§ Work request
The output must match the lines from the first line of the listing below through the line holding "in Adenta 3" exactly and must contain no pictures.

§ Supplied information
────────────────────────────────────────

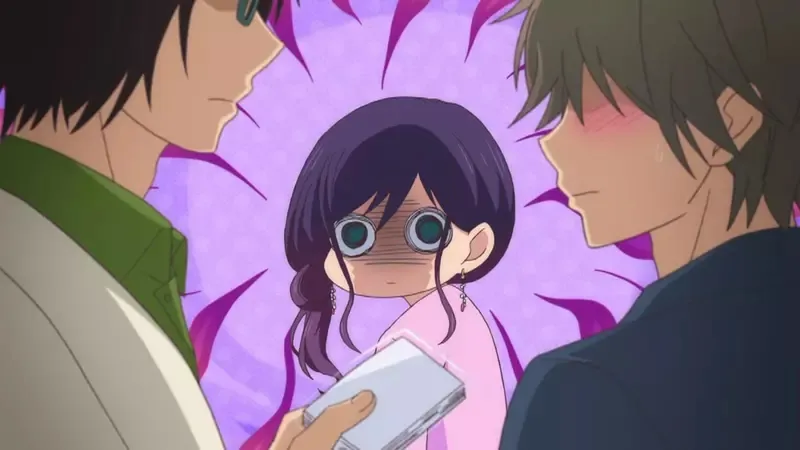 《不小心接触BL的人》以前都直接摆在一般书店卖?小女生们常常是意外被腐化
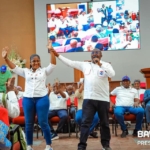 Akosua Manu refutes Kennedy Agyapong; Bawumia campaigned for NPP in Adenta 3 Akosua Manu refutes Kennedy Agyapong; Bawumia campaigned for NPP in Adenta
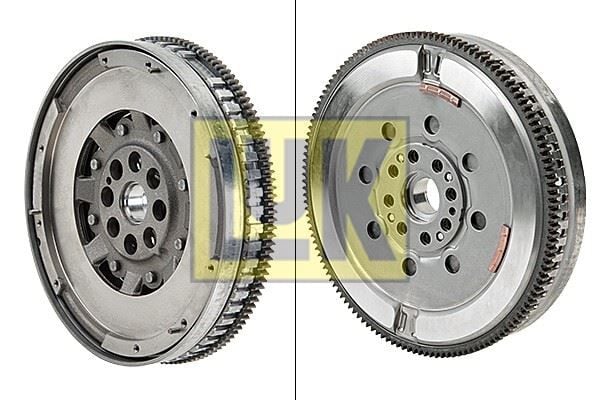 DEBRİYAJ VOLANI MEGANE III 09 SCENIC III 09 GRAND SCENIC III 09 MEGANE IV 16 NISSAN QASHQAI II 13 X-TRAIL III 13 1.6dCi R9M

────────────────────────────────────────

§ Answer section
 《不小心接触BL的人》以前都直接摆在一般书店卖?小女生们常常是意外被腐化
 Akosua Manu refutes Kennedy Agyapong; Bawumia campaigned for NPP in Adenta 3 Akosua Manu refutes Kennedy Agyapong; Bawumia campaigned for NPP in Adenta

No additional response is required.